# DIY plants anchors



## ciao (Oct 21, 2010)

Hi everyone,

I know this sounds crazy but I was just wondering, 

Can I cut pop can’s into strips and use them as plants anchors, for plants like Hornwort?

I really don’t have an exact ides about the composition of a Pop Can, but according to “Wikipedia” Steel , Alloy and Aluminum should be the ingredients.

I have a 90 Gallon Freshwater tank which is slightly planted and I want to use some undemanding fast growing plants to fill it up.

I am also planning to put Red Cherry Shrimps with Guppies, Platies, Khuli Loaches, Clestial Pearl Danios and Neon Tetra.

Please let me know if this idea is possible to apply or just absurd and what are risks involved.

Thanks for reading.


----------



## Sunstar (Jul 29, 2008)

I used bread bag closures as anchors.
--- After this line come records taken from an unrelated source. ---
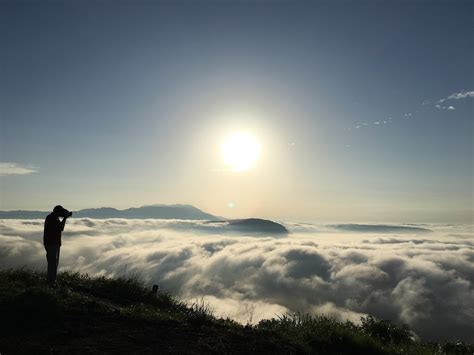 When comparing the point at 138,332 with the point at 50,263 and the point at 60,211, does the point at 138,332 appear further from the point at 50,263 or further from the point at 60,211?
the point at 60,211

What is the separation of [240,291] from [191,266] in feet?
104

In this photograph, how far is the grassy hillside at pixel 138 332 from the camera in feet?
22.2

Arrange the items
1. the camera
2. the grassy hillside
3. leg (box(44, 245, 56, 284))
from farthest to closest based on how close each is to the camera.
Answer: the camera, leg (box(44, 245, 56, 284)), the grassy hillside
Not so much as weight of the closure, but the gravel held in stems decently


----------



## tom g (Jul 8, 2009)

*weights*

they sell those lead weight twisty things at big als , not sure of the price


----------



## coldmantis (Apr 5, 2010)

no point, put it this way if you put in an empty can of pop in your water it will float not sink, you need something heavier, big al's sells plant weights I think I bought a couple of them for like 2.99 each and it has I think 8 or so anchors. or just get tweezers and plant them deep.


ciao said:


> Hi everyone,
> 
> I know this sounds crazy but I was just wondering,
> 
> ...


----------